# A Low-Leakage Twin-Precision Multiplier Using Reconfigurable Power Gating

Magnus Själander, Mindaugas Draždžiulis, Per Larsson-Edefors, and Henrik Eriksson VLSI Research Group, Department of Computer Science and Engineering Chalmers University of Technology, SE-412 96 Göteborg, Sweden

*Abstract*— A twin-precision multiplier that uses reconfigurable power gating is presented. Employing power cut-off techniques in independently controlled power-gating regions, yields significant static leakage reductions when half-precision multiplications are carried out. In comparison to a conventional 8-bit tree multiplier, the power overhead of a 16-bit twin-precision multiplier operating at 8-bit precision has been reduced by 53% when reconfigurable power gating based on the SCCMOS power cutoff technique was applied.

## I. INTRODUCTION

Recent development of embedded systems indicates an increased interest in reconfigurable functional units that dynamically can adapt the datapath to varying computational needs. A system may need to switch between, for example, one application that needs speech-encoding functional units operating at 8-bit precision and another application that needs 16-bit functional units to perform audio decoding. Since most embedded systems are associated with a strictly limited power budget, both static and dynamic power are of critical importance. In this context, it is hardly acceptable to have idle functional units which dissipate useless static power while the application is running at low precision.

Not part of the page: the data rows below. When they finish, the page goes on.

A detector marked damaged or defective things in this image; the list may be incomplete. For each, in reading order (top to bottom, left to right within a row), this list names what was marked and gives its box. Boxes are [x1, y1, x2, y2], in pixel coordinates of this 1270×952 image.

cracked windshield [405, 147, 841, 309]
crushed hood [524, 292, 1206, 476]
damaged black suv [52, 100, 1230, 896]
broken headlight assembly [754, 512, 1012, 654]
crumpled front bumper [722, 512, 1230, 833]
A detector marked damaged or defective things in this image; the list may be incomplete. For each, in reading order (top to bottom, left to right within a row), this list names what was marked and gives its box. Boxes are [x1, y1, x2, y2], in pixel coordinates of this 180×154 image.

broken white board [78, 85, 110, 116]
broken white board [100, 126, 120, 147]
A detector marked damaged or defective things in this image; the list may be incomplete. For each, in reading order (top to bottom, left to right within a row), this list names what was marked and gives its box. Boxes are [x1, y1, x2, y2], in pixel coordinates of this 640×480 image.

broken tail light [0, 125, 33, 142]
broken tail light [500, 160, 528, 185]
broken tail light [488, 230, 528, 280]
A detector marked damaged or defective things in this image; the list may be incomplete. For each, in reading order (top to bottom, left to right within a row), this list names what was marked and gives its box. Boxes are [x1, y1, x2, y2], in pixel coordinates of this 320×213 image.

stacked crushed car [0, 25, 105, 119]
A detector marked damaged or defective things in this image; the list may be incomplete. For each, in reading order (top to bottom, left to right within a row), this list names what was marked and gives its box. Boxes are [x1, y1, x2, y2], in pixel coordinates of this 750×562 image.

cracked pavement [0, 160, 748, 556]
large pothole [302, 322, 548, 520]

The twin-precision (TP) multiplier [1] can switch between N-bit and N/2-bit precision multiplications without significant performance and area overhead. However, in half-precision (N/2-bit) mode the TP multiplier is dissipating considerably more power than a conventional fixed-precision N/2-bit multiplier, since idle, higher-precision logic gates within the TP multiplier are leaking. In order to efficiently utilize reconfigurable datapath units, leakage reduction techniques need to be incorporated.

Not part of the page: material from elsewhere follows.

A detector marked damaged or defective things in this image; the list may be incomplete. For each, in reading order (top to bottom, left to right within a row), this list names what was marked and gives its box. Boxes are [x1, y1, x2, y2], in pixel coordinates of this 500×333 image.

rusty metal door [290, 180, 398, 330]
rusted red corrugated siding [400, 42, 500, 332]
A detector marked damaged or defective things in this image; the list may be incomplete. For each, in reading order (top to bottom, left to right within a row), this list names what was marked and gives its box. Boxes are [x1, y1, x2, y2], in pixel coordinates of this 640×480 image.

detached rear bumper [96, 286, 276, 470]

In this paper we describe a twin-precision multiplier that uses a power-gating strategy that dynamically adapt to the precision needed and shuts down idle portions of the circuit to save static leakage power.

#### II. PRELIMINARIES

### A. The Twin-Precision Multiplier

The twin-precision multiplier [1] is an *N*-bit tree multiplier that is capable of performing either *i*) single *N*-bit, *ii*) single N/2-bit or *iii*) two concurrent and independent N/2-bit multiplications. When compared to a conventional fixed-precision *N*-bit tree multiplier, the general gate count overhead of the twin-precision multiplier was very small, and the overhead in delay and active power dissipation for the full-precision mode was shown to be small [1]. The most important features of the twin-precision technique are illustrated in Fig. 1.



Fig. 1. Partial product representation of an 8-bit multiplication. When performing a 4-bit multiplication in a conventional multiplier only one quarter of the logic gates are performing any useful operations (the grey regions). The twin-precision technique rearranges logic to greatly reduce power dissipation and delay for 4-bit multiplications. Also, this technique allows the logic gates, which are not used in the 4-bit multiplication taking place in the grey regions).

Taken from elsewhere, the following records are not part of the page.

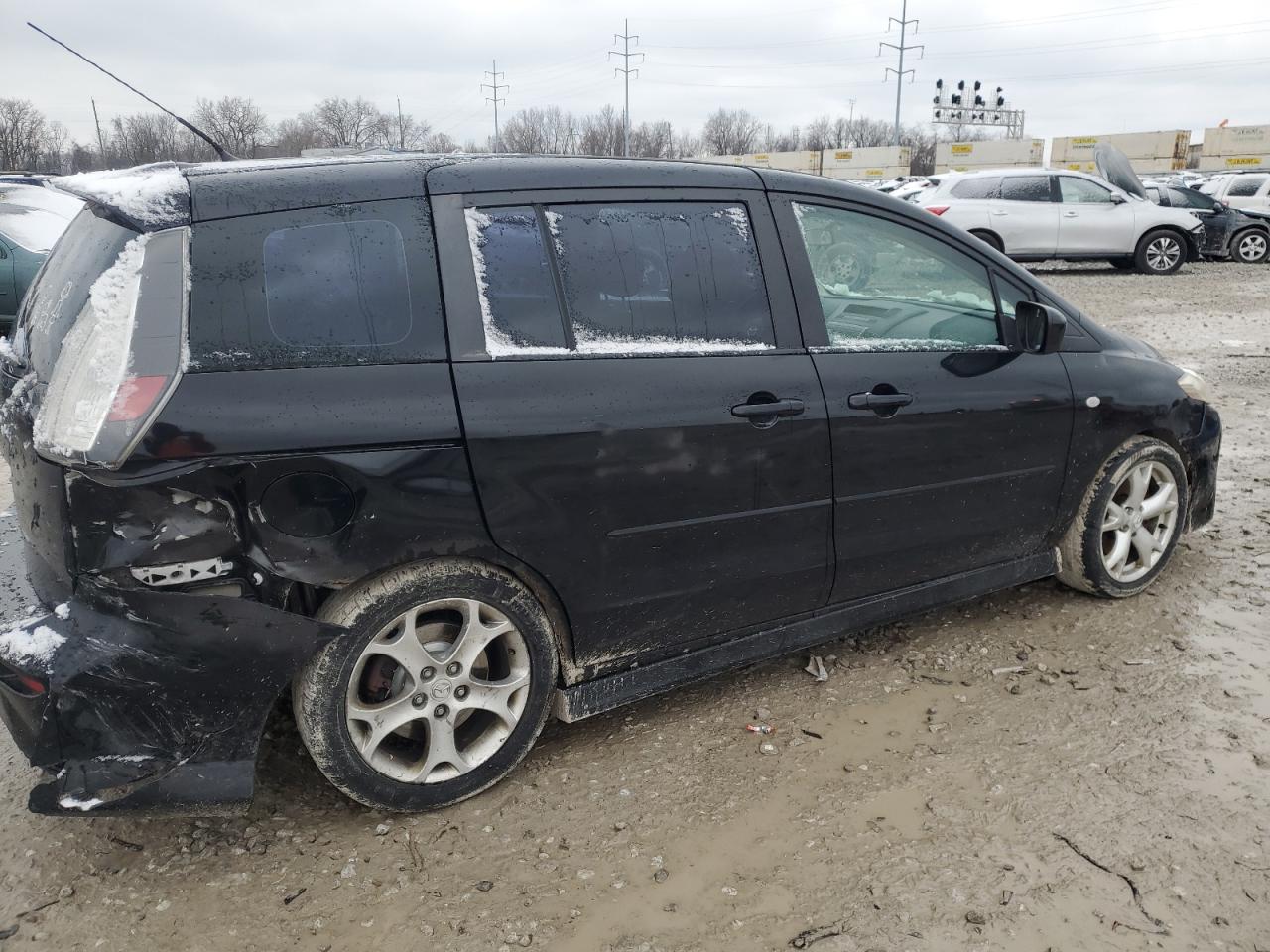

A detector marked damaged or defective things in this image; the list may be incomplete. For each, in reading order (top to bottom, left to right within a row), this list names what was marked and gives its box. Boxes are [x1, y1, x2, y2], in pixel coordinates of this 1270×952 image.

damaged taillight [34, 228, 189, 472]
wrecked vehicle [0, 157, 1222, 817]
crumpled rear bumper [0, 575, 341, 813]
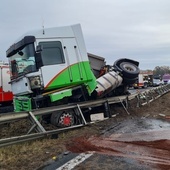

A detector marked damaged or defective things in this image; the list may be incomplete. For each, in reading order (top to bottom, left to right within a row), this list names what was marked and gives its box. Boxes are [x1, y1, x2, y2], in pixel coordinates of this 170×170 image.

overturned truck [6, 24, 139, 126]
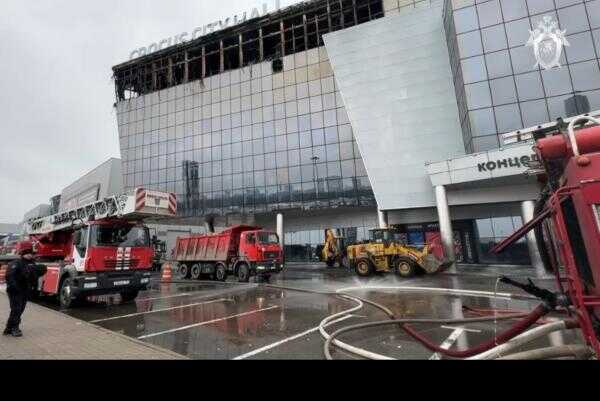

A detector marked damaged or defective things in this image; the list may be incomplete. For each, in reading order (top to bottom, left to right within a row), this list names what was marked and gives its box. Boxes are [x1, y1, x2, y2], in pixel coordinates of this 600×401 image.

In order to switch between the three different precision modes it is necessary that the partial products in white and black regions (Fig. 1) can be forced to zero independently of each other. The 2-input AND gates, which in conventional multipliers generate the partial product bits, are replaced with 3-input AND gates, whose extra input is used to mask the output to zero.

In a twin-precision multiplier it is crucial that the partial products used for N/2-bit multiplications are moved as close to the final adder as possible. In half-precision mode, this gives the shortest critical path and the largest number of unused logic gates, which can be translated into dramatic dynamic power reductions. The final adder is also important, since its delay profile will determine the delay for the *N*-bit and the two N/2-bit multiplications. In conventional adder design, the delay is optimized for full-precision operation. This generally makes such adders relatively slow when used for lower precision. A good tradeoff between the delay for *N*-bit and N/2-bit precision is given by the adder presented by Mathew *et al.* [2].

The application of the twin-precision technique to signed N-bit and N/2-bit multiplications is quite straightforward. An example of an 8-bit signed multiplier using the Baugh-Wooley algorithm [3], capable of performing two concurrent 4-bit multiplications, is shown in Fig. 2. The twin-precision

technique can also be applied to modified Booth multipliers, but this requires a slightly extended implementation effort.



Fig. 2. Signed 8-bit twin-precision Baugh-Wooley multiplier.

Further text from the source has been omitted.